He lost command of his ship in Captain Phillips, but Greyhound proves that Tom Hanks will always be the captain. This tense odyssey lets a viewer experience the Battle of the Atlantic from the thick of the action. Playing rookie naval commander Ernest Krause, Hanks shows audiences his character’s journey from everyman to hero. Krause doesn’t sleep a wink during the 48-hours of battle and a viewer shares his exhaustion by Greyhound’s end. Greyhound, scripted by Hanks himself, is a non-stop thrill ride.
A Race Against Time
Taking a cue from Christopher Nolan’s Dunkirk, Greyhound is intricately attune to elements of time during battle. The economical 91-minute running-time spans a 48-hour window in which Krause’s Greyhound destroyer is at the mercy of the elements. The ship leads a convoy of Allied warships across the Atlantic. As head of the pack, the safety of each boat rests on Krause’s judgement and Greyhound’s protection. However, Greyhound begins when the fleet’s air protection signs off for the journey and the convoy enters “The Black Pit.” This mid-section of the Atlantic marks a two-day journey in which the boats are left to defend for themselves while traversing the body of water that marks the point of no return for aircrafts coming from either side. The frigid waters of the Black Pit look doubly terrifying with the winds of February, 1942 when the title cards explain the fate awaiting Greyhound.
Hanks’s script structures the journey through the rotating command shifts of the boat. Each segment sees Krause quick on his feet as Greyhound encounters attacks by a wolfpack of Nazi U-boats. These U-boats have no mission other than to annihilate the fleet. Krause, new to a command of this scale, also knows that the Allied forces depend on the survival of each sailor and ship. Hanks lets viewers feel the full weight of Krause’s responsibility as he goes without sleep or food, noted by the painstaking efforts of head chef Cleveland (Mudbound‘s Rob Morgan). Cleveland fastidiously abides by the mess hall schedule and notes with disapproving concern and admiration each plate the commander returns untouched.

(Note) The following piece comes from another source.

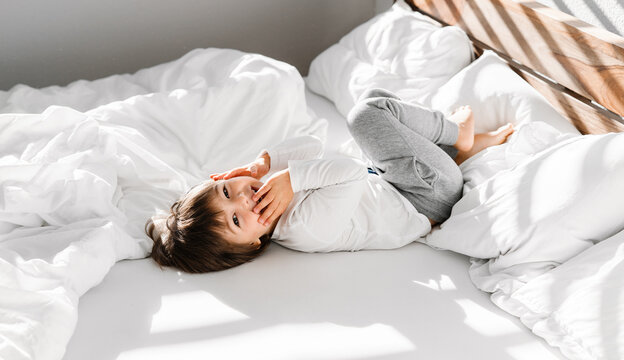 Cute little happy child boy playing in parents bed having fun at home at sunny morning. Light and shadows
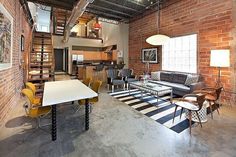 a living room filled with furniture next to a kitchen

The action comes quickly and swiftly, and it doesn’t sag for a second. Director Aaron Schneider (Get Low) stages awesome battle sequences and uses the limited physical space of the destroyer as a sharp contrast to the open menace of the oceans. The rolling waves are deep, dark, and violently cold. They make the elements of the sea as terrifying as the unseen Nazis.
While the high-stakes, high seas adventure is obviously thrilling, the most riveting elements of Greyhound happen in the control room. The film, adapting the novel The Good Shepherd by C.S. Forester, highlights the logistics, calculations, and instincts that separate the victors from the fallen in battle. Although the nautical jargon can be hard to parse, it’s a thrilling challenge to keep pace with Krause’s calculations amid the disorienting assault of the action. The film takes an immersive and experiential approach to battle that rewards.

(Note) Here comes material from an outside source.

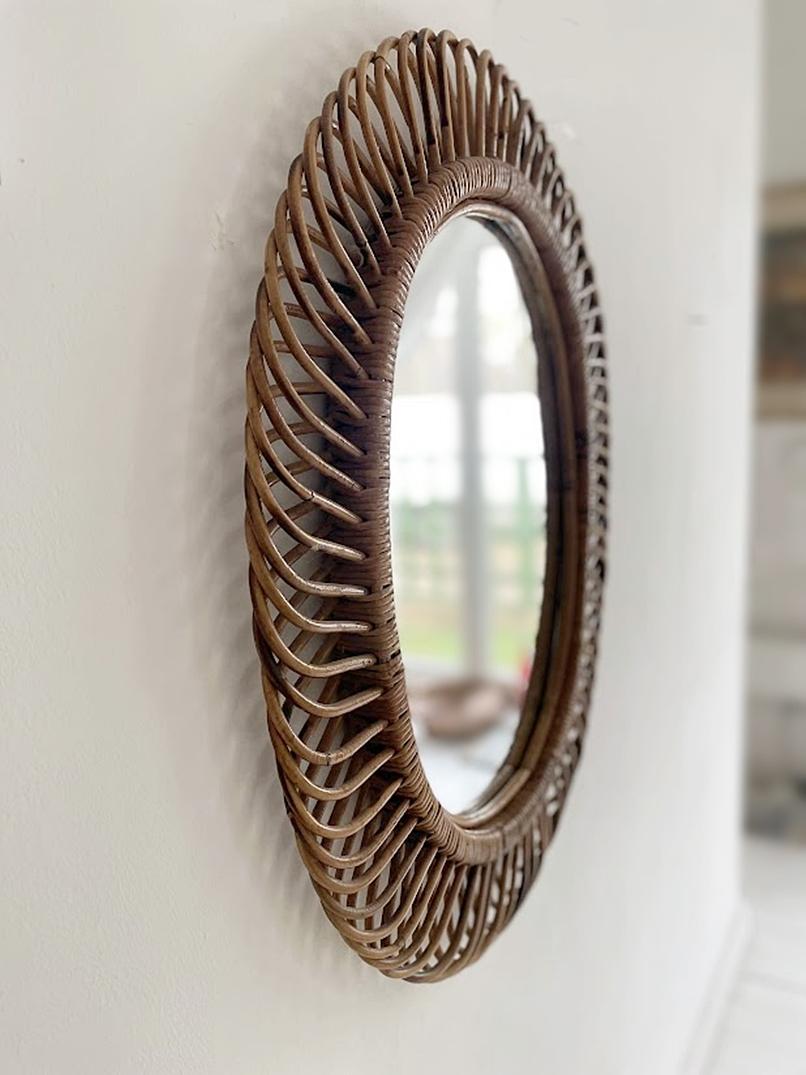 Italian rattan wall mirror (circa 1960s) by Franco Albini. The mirror has a complex weave of rattan in a series of horseshoe projections on the edge of the frame. There is a lovely aged patina on the rattan; the glass is intact.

Greyhound finds its true suspense in the exchanges between Krause and his crew. They listen intently to the sonar as each blip or pause generates suspense. They chart battle plans on maps, calculating speed and distance. Victory is as much as an outcome of using fuel and artillery responsibly, rather than blasting their foes with an assertion of strength. As the battle becomes a war of intuition, rather than might, the film draws upon the working class traits of its characters, illustrating how people from all occupations become heroes in wartime.
Greyhound‘s Crew and Commander
The swiftness and persistence of the action, however, limits the supporting characters to their ranks and duties. Character development is minimal outside of the admirable nuances that display Krause’s strength, honour, intelligence, and fortitude. Little details humanise him, like his abstention from food or his request for slippers to warm his feet. They also create suspense through mundane elements as a cozy slipper fails to match the protectiveness of a combat boot. Try watching Greyhound without tensing up each time Krause walks by a broken plate or share of glass. Some relationships do emerge between Krause and his crew, mostly Cleveland and Krause’s second-in-command, Charlie Cole (Rocketman’s Stephen Graham). Nevertheless, the tension could be even deeper if one cared more about the crew overall.
Greyhound also features a bizarre cameo by Elisabeth Shue in the opening sequence as Krause’s lover Evelyn. Appearing in a tender exchange as they trade gifts before his first mission, Evelyn adds little to the story. Shue’s appearance resembles a throwaway gesture to include a female character. Greyhound features little else besides a cutaway or two to Evelyn throughout the journey, again demonstrating how the unyielding action often persists at the expense of the characters.
However, as Greyhound places its chips entirely on Krause, it proves Hanks a bet that pays off. He’s one of Hollywood’s most reliable actors, able to create characters who feel like superheroes while resemble one’s own father. Hanks commands nearly every frame of Greyhound and the film hinges on the everyman appeal that informs his best performances.
Greyhound premieres on Apple TV+ on July 10.